▸ **Exercise prompt**
Print all the data that follows exactly, images excluded.

#### Recorded data ####

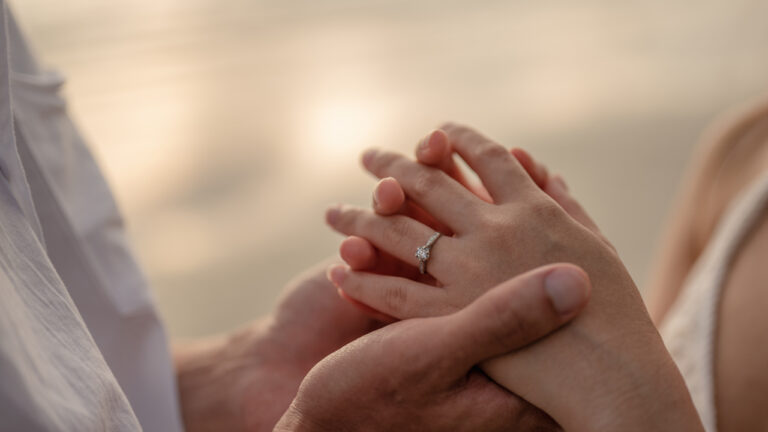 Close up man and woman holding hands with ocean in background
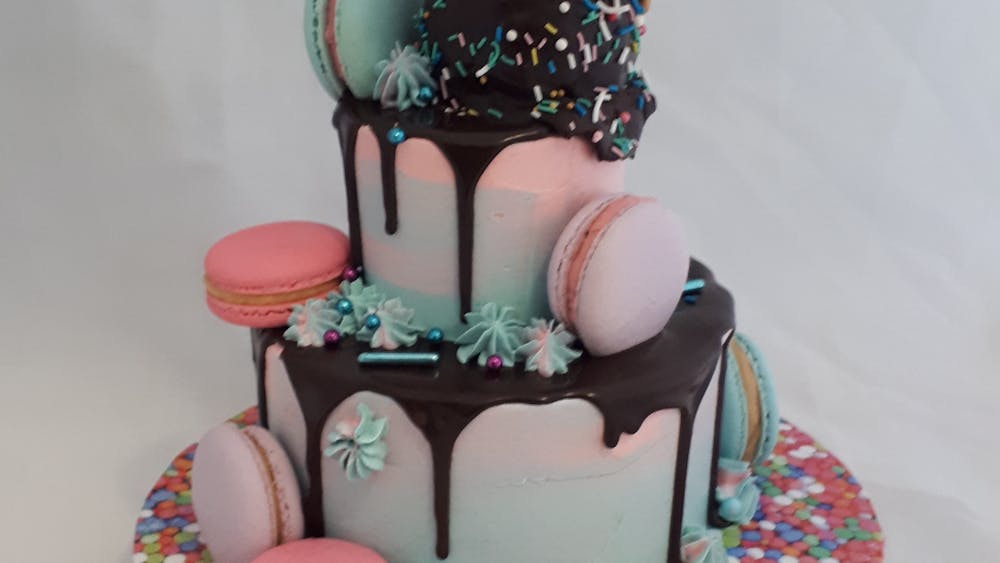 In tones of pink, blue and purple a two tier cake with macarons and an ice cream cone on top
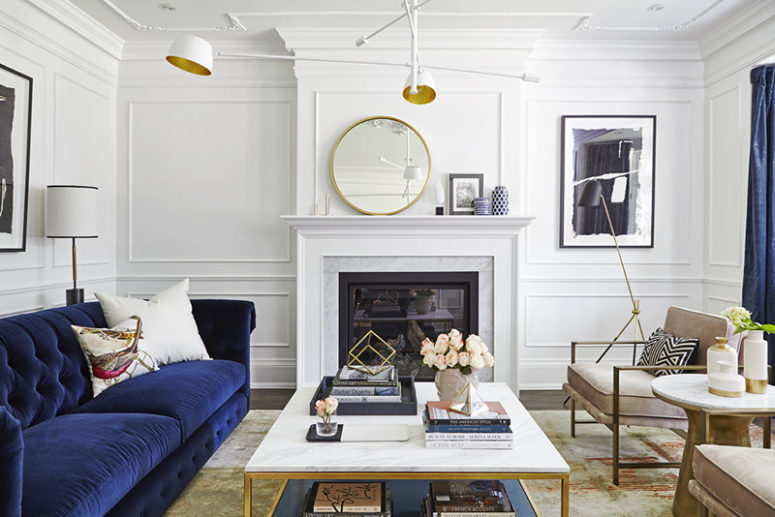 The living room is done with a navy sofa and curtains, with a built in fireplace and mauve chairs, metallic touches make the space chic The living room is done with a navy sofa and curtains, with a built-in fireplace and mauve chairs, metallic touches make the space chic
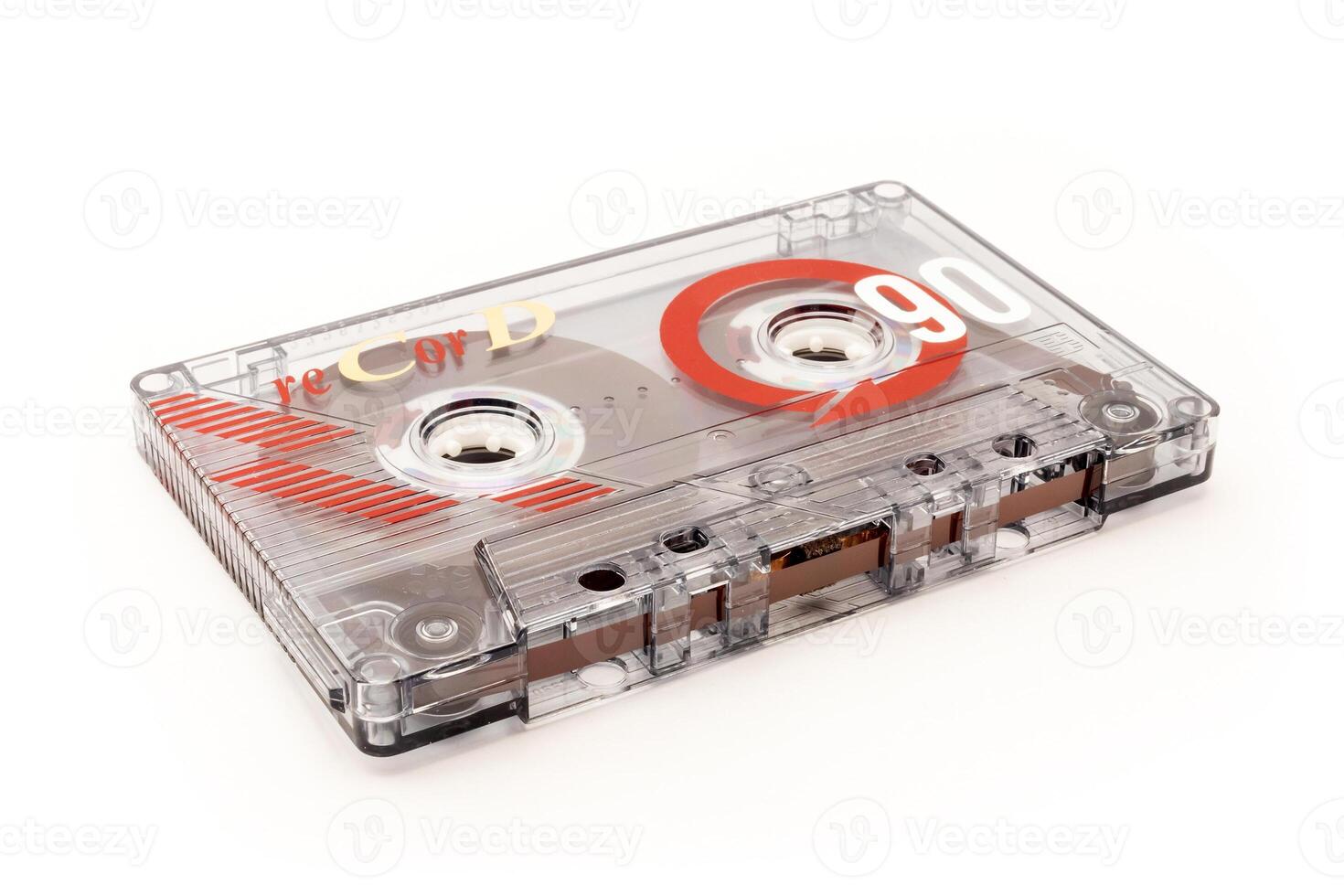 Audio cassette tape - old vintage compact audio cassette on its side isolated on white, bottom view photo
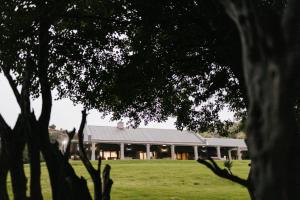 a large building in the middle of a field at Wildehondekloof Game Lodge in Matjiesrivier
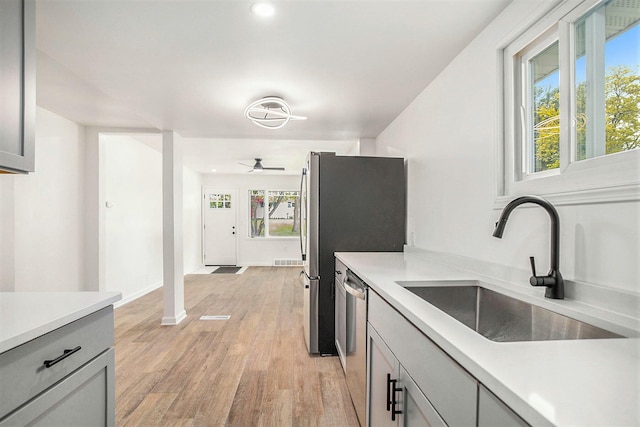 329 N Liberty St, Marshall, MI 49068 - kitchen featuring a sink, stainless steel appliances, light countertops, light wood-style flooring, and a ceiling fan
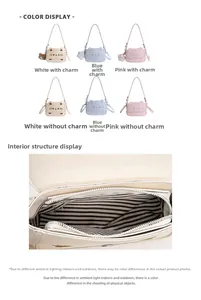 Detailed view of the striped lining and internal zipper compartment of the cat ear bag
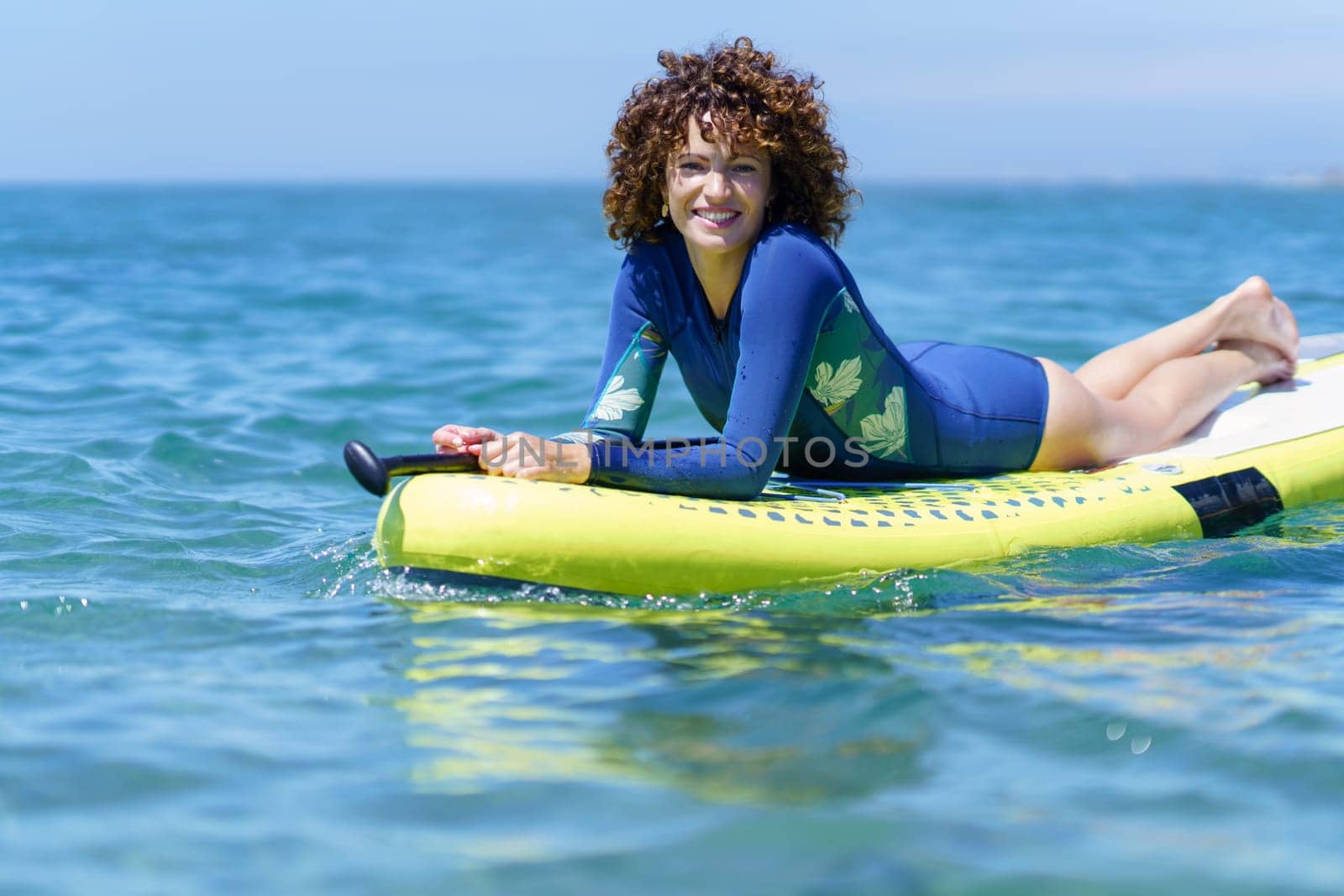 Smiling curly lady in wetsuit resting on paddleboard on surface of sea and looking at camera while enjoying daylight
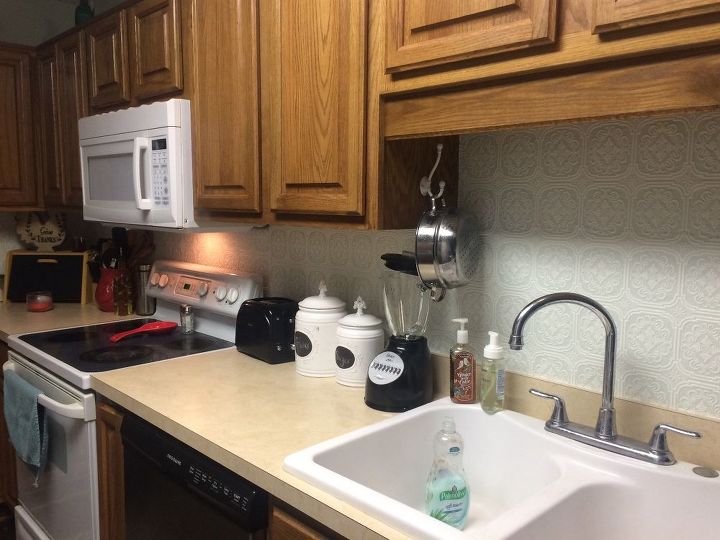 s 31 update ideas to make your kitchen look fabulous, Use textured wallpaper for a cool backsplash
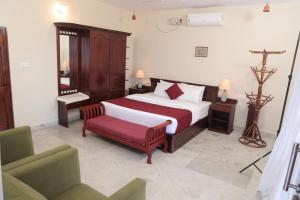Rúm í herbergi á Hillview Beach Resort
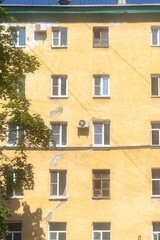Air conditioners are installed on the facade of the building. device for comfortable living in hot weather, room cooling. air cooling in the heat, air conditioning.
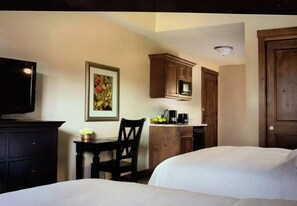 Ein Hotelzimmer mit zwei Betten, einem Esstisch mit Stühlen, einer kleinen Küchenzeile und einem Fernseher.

####

▸ **Response**
 Close up man and woman holding hands with ocean in background
 In tones of pink, blue and purple a two tier cake with macarons and an ice cream cone on top
 The living room is done with a navy sofa and curtains, with a built in fireplace and mauve chairs, metallic touches make the space chic The living room is done with a navy sofa and curtains, with a built-in fireplace and mauve chairs, metallic touches make the space chic
 Audio cassette tape - old vintage compact audio cassette on its side isolated on white, bottom view photo
 a large building in the middle of a field at Wildehondekloof Game Lodge in Matjiesrivier
 329 N Liberty St, Marshall, MI 49068 - kitchen featuring a sink, stainless steel appliances, light countertops, light wood-style flooring, and a ceiling fan
 Detailed view of the striped lining and internal zipper compartment of the cat ear bag
 Smiling curly lady in wetsuit resting on paddleboard on surface of sea and looking at camera while enjoying daylight
 s 31 update ideas to make your kitchen look fabulous, Use textured wallpaper for a cool backsplash
Rúm í herbergi á Hillview Beach Resort
Air conditioners are installed on the facade of the building. device for comfortable living in hot weather, room cooling. air cooling in the heat, air conditioning.
 Ein Hotelzimmer mit zwei Betten, einem Esstisch mit Stühlen, einer kleinen Küchenzeile und einem Fernseher.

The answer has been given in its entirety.